Apart from testing, a sophisticated documentation of how an algorithm works will increase user compliance. Accordingly, every data wrangler is supposed to provide a comprehensive and visual step-by-step guide.

pywrangler is not committed to a single computation backend like pandas. Instead, data wranglers are defined abstractly and need to be implemented concretely in regard to the specific computation backend. In general, all python related computation engines are supported if corresponding implementations are provided (e.g pandas, dask, vaex, modin and pyspark). pywrangler attempts to provide at least one implementation for smallish data (single node computation e.g. pandas) and largish data (distributed computation e.g. pyspark).

Moreover, one computation engine may have several implementations with varying trade-offs, too. In order to identify trade-offs, pywrangler aims to offer benchmarking utilities to compare different implementations in regard to cpu and memory usage.

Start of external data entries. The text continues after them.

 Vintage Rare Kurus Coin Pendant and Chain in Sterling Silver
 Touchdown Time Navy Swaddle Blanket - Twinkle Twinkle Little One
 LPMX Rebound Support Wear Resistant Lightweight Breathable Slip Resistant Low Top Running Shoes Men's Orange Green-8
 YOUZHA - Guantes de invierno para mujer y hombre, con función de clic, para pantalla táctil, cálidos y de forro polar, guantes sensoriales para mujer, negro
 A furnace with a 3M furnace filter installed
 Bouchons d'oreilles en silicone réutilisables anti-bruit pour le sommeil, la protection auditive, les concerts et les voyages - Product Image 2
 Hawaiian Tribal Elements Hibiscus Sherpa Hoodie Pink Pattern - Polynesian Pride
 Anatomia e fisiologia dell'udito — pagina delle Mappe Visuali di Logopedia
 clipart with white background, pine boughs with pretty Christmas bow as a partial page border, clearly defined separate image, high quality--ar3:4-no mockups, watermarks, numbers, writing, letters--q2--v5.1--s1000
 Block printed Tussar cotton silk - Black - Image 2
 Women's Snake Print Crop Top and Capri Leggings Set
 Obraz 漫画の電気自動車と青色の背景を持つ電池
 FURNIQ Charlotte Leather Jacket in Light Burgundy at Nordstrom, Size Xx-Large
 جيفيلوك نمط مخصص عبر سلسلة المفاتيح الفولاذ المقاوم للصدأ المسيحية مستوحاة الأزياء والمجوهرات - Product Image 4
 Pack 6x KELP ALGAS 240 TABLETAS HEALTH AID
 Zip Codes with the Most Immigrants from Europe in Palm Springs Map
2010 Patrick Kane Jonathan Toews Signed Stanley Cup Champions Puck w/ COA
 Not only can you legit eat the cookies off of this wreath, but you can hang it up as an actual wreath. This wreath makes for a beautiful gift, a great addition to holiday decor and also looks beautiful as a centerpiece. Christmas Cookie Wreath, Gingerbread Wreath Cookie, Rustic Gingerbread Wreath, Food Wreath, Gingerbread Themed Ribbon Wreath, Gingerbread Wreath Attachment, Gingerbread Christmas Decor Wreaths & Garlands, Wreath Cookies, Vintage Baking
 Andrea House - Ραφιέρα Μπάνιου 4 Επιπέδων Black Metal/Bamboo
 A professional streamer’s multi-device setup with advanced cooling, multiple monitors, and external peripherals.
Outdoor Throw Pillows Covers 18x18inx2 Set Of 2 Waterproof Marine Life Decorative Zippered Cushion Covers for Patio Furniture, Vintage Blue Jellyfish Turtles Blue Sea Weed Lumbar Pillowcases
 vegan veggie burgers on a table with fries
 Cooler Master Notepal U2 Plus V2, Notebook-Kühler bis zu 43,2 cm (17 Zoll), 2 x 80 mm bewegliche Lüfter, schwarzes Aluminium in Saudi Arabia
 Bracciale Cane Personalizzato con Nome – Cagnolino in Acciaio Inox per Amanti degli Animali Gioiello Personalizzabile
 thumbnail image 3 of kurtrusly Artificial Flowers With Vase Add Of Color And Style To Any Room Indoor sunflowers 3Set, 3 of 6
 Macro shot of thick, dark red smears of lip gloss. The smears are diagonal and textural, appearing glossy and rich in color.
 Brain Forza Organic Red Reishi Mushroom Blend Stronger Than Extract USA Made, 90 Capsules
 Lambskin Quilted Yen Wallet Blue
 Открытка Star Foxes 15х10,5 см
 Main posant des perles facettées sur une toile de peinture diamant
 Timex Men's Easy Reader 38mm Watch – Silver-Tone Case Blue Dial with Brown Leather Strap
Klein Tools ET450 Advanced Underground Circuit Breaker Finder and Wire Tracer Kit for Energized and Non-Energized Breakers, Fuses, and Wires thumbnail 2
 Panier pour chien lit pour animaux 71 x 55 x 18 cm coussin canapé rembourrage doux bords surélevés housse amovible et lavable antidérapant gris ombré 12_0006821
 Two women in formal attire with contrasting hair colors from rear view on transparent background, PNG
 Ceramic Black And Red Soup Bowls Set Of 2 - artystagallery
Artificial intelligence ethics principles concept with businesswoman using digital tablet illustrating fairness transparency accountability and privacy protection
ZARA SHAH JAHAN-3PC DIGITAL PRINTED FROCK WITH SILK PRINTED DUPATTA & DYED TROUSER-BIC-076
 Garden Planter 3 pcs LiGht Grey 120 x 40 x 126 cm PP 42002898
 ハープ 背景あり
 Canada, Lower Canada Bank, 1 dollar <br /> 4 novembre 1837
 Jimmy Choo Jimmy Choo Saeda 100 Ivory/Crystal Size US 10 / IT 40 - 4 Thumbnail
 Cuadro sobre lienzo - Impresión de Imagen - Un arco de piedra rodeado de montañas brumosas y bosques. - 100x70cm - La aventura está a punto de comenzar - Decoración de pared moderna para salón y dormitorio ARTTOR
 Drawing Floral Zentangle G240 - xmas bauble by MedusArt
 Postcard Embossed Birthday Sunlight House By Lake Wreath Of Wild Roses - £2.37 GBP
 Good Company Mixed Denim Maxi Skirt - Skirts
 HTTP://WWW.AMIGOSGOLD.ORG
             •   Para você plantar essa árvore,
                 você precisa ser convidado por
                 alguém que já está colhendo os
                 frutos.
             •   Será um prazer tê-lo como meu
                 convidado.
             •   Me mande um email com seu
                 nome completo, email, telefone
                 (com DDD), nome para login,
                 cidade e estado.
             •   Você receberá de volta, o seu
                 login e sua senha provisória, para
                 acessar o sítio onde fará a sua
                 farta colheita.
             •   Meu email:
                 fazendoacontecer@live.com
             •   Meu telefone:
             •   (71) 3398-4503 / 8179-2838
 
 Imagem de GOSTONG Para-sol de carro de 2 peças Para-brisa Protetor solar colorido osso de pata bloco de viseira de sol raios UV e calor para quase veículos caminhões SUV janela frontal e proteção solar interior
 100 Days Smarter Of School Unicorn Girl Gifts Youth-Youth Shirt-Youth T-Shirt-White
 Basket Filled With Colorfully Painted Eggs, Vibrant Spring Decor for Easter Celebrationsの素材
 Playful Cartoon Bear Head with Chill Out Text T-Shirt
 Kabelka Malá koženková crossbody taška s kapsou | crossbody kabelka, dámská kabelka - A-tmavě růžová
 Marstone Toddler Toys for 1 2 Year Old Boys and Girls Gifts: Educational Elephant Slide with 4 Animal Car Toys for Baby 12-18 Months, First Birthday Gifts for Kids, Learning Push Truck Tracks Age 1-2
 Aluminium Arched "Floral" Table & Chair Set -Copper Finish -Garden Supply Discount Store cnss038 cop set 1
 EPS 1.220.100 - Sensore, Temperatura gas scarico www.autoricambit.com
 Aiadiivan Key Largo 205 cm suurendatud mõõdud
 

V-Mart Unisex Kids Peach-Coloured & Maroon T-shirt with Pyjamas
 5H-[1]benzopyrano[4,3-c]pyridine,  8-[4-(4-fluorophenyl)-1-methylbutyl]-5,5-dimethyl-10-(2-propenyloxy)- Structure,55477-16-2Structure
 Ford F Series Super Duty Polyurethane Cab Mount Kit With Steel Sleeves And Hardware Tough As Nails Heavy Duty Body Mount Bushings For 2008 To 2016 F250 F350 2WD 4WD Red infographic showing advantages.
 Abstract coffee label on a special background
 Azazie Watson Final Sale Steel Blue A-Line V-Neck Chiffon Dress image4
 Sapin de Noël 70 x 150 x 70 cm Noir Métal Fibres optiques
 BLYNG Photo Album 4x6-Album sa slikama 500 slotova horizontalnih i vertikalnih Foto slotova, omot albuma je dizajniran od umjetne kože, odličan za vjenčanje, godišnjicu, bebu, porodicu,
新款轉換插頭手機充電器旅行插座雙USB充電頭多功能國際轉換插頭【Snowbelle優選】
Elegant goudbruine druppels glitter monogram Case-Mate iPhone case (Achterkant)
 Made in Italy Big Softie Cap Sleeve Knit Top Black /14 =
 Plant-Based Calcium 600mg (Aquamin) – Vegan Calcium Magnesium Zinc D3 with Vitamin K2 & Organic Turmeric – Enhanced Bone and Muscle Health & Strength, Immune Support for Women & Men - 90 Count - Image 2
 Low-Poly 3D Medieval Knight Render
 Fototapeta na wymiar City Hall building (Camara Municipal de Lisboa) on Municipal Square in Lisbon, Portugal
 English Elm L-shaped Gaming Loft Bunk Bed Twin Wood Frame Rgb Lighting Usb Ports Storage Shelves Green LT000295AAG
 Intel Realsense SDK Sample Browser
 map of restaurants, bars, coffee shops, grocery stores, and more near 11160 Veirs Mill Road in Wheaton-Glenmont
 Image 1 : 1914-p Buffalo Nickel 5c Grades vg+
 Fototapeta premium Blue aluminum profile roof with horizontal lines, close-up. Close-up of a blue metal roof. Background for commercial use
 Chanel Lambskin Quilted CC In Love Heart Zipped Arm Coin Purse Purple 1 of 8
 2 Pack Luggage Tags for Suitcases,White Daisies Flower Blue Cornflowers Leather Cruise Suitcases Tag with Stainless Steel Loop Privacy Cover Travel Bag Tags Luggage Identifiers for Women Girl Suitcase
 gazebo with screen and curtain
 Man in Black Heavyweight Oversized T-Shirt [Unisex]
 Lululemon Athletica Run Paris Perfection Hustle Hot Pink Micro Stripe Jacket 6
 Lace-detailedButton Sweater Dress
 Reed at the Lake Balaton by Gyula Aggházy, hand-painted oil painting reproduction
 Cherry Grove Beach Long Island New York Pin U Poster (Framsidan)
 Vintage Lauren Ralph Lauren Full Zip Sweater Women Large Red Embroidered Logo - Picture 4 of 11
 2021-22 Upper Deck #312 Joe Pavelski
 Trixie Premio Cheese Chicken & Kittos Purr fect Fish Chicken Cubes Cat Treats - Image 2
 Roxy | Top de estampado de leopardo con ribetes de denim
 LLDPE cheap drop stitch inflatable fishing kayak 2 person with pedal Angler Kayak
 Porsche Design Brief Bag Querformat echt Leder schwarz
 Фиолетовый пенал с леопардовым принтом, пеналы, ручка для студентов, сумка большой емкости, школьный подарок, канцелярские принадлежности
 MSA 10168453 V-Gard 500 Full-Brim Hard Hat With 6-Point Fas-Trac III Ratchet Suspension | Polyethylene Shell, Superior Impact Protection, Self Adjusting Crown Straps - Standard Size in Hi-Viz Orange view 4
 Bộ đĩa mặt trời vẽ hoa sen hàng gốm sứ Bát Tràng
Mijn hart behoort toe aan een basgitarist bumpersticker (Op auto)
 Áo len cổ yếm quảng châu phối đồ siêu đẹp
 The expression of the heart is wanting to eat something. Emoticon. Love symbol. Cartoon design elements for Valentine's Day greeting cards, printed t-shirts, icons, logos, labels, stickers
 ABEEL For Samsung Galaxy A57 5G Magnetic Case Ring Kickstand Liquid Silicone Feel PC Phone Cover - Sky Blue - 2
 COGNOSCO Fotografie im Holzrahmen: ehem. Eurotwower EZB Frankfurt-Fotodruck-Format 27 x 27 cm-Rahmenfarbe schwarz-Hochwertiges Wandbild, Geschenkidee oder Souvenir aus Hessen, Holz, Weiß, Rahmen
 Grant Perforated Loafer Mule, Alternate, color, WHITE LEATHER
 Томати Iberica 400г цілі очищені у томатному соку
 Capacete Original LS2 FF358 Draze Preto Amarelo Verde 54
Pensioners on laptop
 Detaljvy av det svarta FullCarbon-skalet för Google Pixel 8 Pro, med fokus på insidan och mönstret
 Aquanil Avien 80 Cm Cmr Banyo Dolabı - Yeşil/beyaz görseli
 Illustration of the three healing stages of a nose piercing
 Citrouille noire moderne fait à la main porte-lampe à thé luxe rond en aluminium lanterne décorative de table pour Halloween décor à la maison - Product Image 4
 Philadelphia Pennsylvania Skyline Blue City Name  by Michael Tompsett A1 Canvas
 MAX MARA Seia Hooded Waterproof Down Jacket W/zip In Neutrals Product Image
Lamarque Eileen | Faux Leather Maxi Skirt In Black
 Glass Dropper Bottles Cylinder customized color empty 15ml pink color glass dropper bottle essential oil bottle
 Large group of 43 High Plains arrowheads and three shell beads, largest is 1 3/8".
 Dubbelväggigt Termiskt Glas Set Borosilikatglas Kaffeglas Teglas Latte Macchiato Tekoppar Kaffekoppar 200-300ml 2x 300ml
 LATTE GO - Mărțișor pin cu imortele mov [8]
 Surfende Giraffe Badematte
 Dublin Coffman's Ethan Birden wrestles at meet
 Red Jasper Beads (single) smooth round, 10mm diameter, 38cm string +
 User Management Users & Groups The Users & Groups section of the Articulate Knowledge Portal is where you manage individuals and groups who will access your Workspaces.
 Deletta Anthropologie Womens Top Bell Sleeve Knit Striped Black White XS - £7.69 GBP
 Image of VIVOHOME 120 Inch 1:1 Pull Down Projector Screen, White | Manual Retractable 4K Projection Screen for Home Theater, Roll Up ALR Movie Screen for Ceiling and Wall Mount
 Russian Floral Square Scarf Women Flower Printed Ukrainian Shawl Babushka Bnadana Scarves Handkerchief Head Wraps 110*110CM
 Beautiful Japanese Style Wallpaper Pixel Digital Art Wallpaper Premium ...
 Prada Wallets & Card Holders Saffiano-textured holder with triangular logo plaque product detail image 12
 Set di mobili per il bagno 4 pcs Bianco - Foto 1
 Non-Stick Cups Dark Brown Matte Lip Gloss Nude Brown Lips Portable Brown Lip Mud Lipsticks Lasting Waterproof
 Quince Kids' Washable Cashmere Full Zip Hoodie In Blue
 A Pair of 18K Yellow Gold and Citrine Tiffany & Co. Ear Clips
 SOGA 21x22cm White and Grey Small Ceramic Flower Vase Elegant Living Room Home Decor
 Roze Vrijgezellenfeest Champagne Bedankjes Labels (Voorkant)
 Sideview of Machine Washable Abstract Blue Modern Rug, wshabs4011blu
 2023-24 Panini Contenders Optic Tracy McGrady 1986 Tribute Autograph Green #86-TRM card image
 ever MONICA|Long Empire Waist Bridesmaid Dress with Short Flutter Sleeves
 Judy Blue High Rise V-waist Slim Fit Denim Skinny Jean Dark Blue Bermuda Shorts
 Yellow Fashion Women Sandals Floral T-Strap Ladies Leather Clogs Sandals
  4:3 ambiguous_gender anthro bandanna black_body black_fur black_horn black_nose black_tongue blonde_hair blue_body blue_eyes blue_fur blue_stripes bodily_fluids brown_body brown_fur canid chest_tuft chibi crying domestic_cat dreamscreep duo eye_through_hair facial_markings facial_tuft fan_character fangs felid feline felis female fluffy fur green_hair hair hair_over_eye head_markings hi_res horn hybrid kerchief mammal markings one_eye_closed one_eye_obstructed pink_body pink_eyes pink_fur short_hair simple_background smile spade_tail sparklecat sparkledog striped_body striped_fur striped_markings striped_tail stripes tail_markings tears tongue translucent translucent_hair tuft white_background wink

To make pywranlger integrate well with standard data wrangling workflows, data wranglers confirm to the scikit-learn API as a common standard for data transformation pipelines.

Goals

  • describe data transformations independent of computation engine
  • define data transformation requirements through extensive tests
  • visually document implementation logic of data transformations step by step
  • provide concrete implementations for small and big data computation engines
  • add benchmarking utilities to compare different implementations to identify tradeoffs
  • follow scikit-learn API for easy integration for data pipelines

Non-Goals

  • always support all computation engines for a single data transformation
  • handle extract and load stages of ETL pipelines

Rationale

Computation engines may come and go. Currently (June 2020), pandas is still very popular for single node computation. Vaex slowly catches up. Pyspark and dask are both very popular in the realm of distributed computation engines. There will be new engines in the future, perhaps pandas 2 or a computation engine originating from the Apache Arrow project as outlined here.

In any case, what remains is the careful description of data transformations. More importantly, computation backend independent tests manifest the requirements of data transformations. Moreover, such a specification may also be easily ported to languages other than python like R or Scala. This is probably the major lasting value of pywrangler.

Future directions

What has been totally neglected so far by the pywrangler project (as of June 2020), is the importance of SQL. Due to its declarative nature, SQL offers a computation engine independent way to formulate data transformations. They are applicable to any computation engine that supports sql. Therefore, one major goal is to add a sql backend that produces the required sql code to perform a specific data transformation.